◆ **Data for analysis**
====

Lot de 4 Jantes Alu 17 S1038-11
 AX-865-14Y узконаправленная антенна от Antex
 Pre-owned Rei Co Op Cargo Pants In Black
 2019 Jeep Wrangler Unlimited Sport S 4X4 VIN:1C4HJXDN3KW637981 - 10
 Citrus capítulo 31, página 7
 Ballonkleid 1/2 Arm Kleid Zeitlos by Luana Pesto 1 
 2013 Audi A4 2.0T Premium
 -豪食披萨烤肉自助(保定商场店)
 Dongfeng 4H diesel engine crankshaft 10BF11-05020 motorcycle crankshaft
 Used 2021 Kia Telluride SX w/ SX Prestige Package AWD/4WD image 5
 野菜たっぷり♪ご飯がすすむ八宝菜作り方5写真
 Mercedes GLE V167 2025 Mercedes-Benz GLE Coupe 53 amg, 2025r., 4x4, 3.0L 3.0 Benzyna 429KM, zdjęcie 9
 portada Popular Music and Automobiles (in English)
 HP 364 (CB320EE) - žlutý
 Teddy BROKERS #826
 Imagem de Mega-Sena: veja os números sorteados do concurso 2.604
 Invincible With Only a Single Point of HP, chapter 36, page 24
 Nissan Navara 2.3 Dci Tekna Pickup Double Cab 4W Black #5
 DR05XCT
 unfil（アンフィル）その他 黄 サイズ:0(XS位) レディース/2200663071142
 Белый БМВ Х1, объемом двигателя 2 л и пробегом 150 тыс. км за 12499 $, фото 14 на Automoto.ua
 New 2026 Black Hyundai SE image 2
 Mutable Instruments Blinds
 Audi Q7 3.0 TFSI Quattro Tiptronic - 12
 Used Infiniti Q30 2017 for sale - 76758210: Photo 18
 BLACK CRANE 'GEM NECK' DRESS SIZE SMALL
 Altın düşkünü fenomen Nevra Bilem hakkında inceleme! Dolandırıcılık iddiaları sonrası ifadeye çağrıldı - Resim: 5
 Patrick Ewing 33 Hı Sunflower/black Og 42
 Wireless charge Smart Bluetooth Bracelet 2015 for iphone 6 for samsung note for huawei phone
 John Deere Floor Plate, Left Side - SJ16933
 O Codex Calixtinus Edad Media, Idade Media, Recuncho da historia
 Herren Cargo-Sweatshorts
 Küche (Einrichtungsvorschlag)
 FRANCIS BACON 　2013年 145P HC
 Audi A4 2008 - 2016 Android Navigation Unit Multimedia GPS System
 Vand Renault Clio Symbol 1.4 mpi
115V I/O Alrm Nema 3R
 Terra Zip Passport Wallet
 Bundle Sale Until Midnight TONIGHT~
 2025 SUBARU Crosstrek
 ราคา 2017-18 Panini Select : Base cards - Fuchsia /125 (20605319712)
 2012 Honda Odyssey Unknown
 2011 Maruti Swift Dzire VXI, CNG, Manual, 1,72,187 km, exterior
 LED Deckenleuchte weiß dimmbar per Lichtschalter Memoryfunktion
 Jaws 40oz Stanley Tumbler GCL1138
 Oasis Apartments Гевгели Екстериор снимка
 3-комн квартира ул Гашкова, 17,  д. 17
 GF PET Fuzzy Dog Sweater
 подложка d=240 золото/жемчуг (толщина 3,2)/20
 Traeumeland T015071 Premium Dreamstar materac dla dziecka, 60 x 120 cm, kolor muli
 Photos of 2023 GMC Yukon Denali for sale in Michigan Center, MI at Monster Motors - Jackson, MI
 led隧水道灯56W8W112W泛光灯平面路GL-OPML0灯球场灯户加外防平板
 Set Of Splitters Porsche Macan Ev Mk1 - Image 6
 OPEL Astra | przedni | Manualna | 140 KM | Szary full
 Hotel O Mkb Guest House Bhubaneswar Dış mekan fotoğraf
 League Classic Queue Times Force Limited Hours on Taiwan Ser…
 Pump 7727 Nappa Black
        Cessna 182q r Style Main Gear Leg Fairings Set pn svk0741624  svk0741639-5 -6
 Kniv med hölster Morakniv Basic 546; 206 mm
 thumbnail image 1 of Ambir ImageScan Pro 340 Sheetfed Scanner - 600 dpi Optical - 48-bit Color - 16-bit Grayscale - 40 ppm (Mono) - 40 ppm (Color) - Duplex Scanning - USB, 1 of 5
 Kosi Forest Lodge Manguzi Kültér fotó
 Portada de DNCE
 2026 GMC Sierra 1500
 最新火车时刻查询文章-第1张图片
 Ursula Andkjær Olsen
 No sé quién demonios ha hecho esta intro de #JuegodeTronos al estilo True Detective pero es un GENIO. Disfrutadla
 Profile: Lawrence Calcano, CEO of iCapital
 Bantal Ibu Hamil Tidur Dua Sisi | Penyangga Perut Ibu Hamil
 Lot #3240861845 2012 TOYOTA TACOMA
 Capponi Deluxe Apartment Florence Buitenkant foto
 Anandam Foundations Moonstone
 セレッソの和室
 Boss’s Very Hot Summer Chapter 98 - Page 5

====

◆ **Problem description**
Each line above with the string "Cargo" should be reported in full.

◆ **Output**
 Pre-owned Rei Co Op Cargo Pants In Black
 Herren Cargo-Sweatshorts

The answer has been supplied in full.